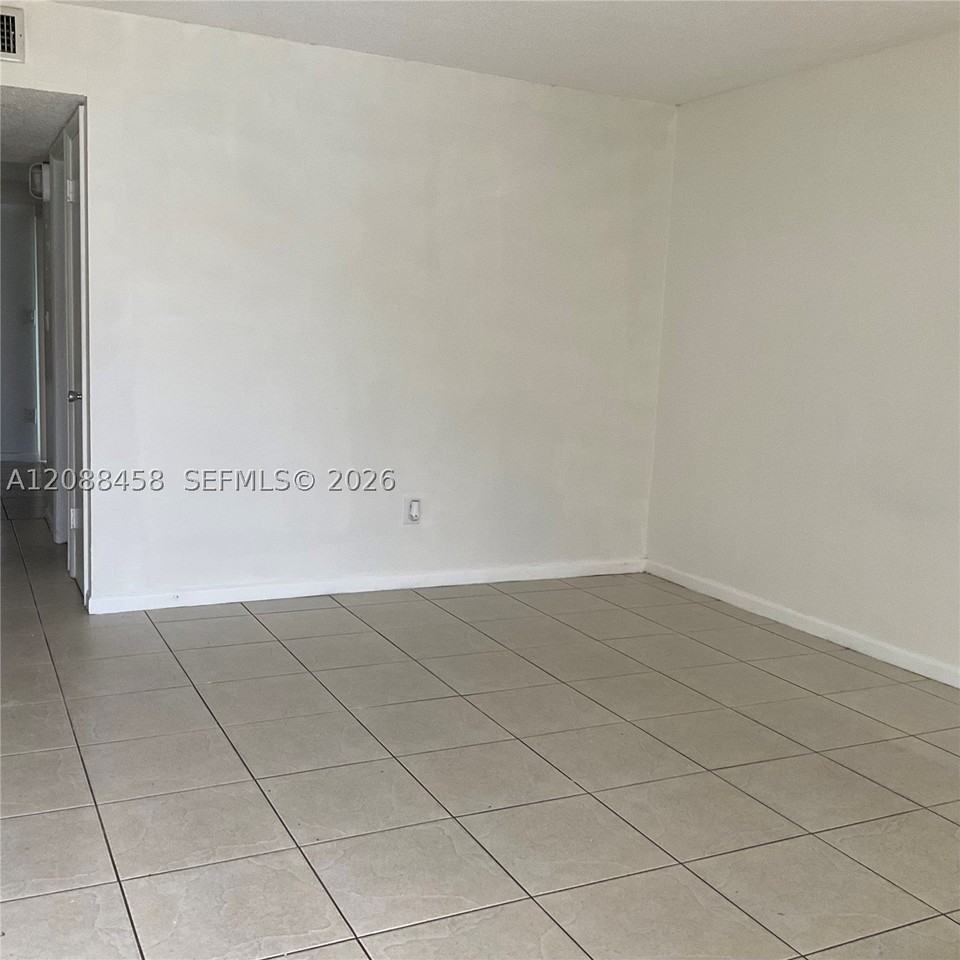5530 Sw 36th St #1 - Photo 3 of 6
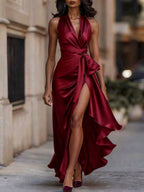 Vestido de Noite Elegante Feminino em Borgonha com Gola Halter e Sem Mangas - Modelo Sereia - Comprimento A-Line - Vestido de Festa Formal com Cauda, Lavável à Máquina para Formatura, Gala, Eventos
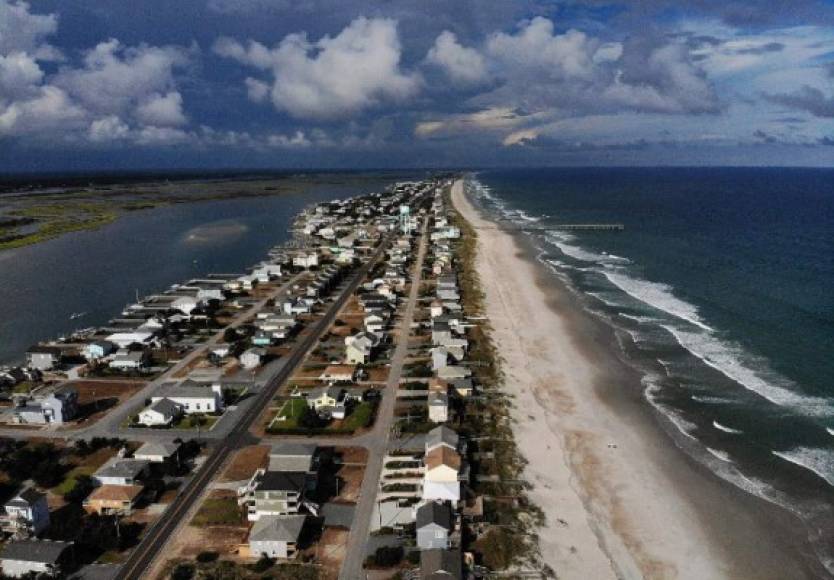 TOPSAIL BEACH- SEPTEMBER 11: A mandatory evacuation is in effect in preparation of the approaching Hurricane Florence, on September 11, 2018 in Topsail Beach, North Carolina. Hurricane Florence is expected on Friday possibly as a category 4 storm along the Virginia, North Carolina and South Carolina coastline. Mark Wilson/Getty Images/AFP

> [DESCRIPTION OF THE TASK]
A verbatim copy of the data, with all pictures omitted, is the required output.

> [RESULT OF THIS TASK]
5530 Sw 36th St #1 - Photo 3 of 6
 Vestido de Noite Elegante Feminino em Borgonha com Gola Halter e Sem Mangas - Modelo Sereia - Comprimento A-Line - Vestido de Festa Formal com Cauda, Lavável à Máquina para Formatura, Gala, Eventos
 TOPSAIL BEACH- SEPTEMBER 11: A mandatory evacuation is in effect in preparation of the approaching Hurricane Florence, on September 11, 2018 in Topsail Beach, North Carolina. Hurricane Florence is expected on Friday possibly as a category 4 storm along the Virginia, North Carolina and South Carolina coastline. Mark Wilson/Getty Images/AFP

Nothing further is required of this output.